Pataki told the Salomon 101 audience this was the general feeling present at the time - that politics didn't matter and Bush was America's leader. Fast-forward to today, Pataki said, and that cohesion and optimism is missing, which makes it unclear who is the strongest candidate for president.

"There isn't such a clear delineation as to who is the most likely next president for the country. ... No one has really connected to the American people yet," Pataki said. "What the candidates have failed to do is step back and think about the nature of our country and what makes the United States unique. ... The first is the nature of our government; the second is the character of the people. I think it is profoundly important that our country was a unique experiment where the power came from the people."

"So who's going to win in 2008? I think the American people want someone who understands and is going to be consistent with the American character," Pataki said. "They want that optimism, they don't want polarization. ... And people want pragmatic solutions, they don't want someone saying, 'Let me check my ideology before I decide if we're going to attack this problem.' "
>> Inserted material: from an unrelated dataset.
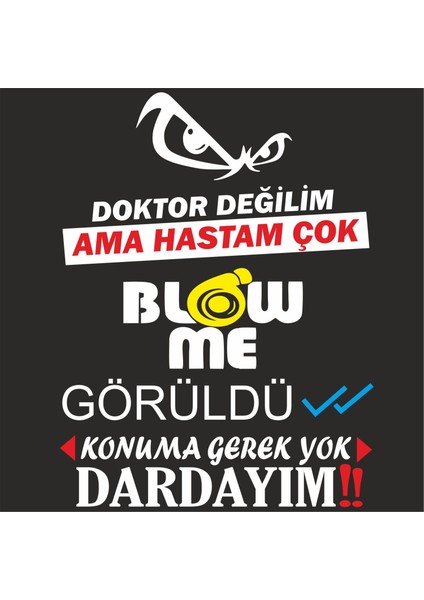 Arka Cam Oto Sticker Set Model 9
The nation faces challenges to national security, and the economic challenges due to increased globalization, but Pataki thinks pollution and the threat of climate change challenges the promise of a better life for future generations. Pataki thinks the one major issue facing the nation is its reliance on foreign oil and fossil fuels, but no one has laid down an optimistic and pragmatic solution to these issues, he said.
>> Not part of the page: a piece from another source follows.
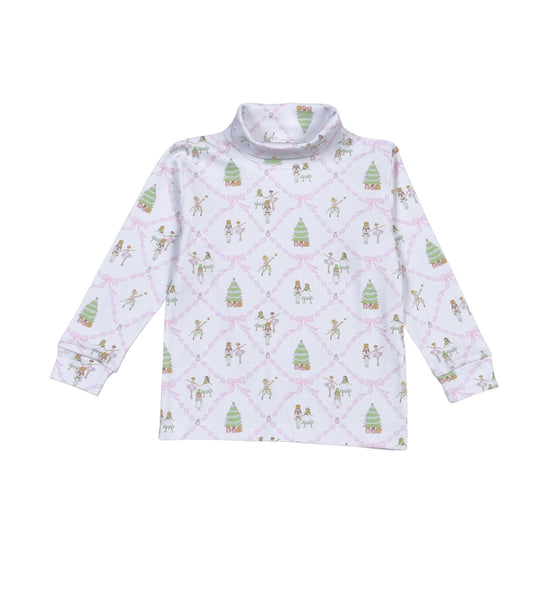 Nutcracker Pima Turtleneck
Pataki also said the government should support research in alternative energies by protecting the rights to explore and utilize renewable sources. The government could also make a difference with small changes. One such change, he said, is that the government could guarantee to buy vehicles that use clean and renewable fuel, which would create a market for such vehicles "overnight." Some initiatives have been undertaken in New York already, and Pataki believes that there must be a nationwide initiative, as well as new means for physically transporting alternative forms of energy across the country.

Pataki drew a parallel between the Soviet launch of Sputnik and the environmental issues facing the nation today.

"It was a crisis, and the United States responded to the crisis, and in the process created technology which is still used today," Pataki said. "In my mind, this is every bit as serious a crisis, and we need every bit as strong a leader laying out a pragmatic, optimistic solution that can bring the American people together, so we have that unity that we had when we confronted the Sputnik challenge, and we had that unity that we had for so short a period of time after September 11."

In a question-and-answer session following his lecture, one audience member asked about the response to 9/11 in comparison to the response to Hurricane Katrina. Pataki responded that the difference in the responses to those incidents depended on the leadership at the time. On 9/11, Guiliani created a command center in Manhattan, and Pataki decided that he would not have a separate center from the mayor's.

"We were going to have one unified command, we would speak as one voice, we would act as one body," Pataki said. "So I think it depends on the leadership at the time, and their willingness to work together."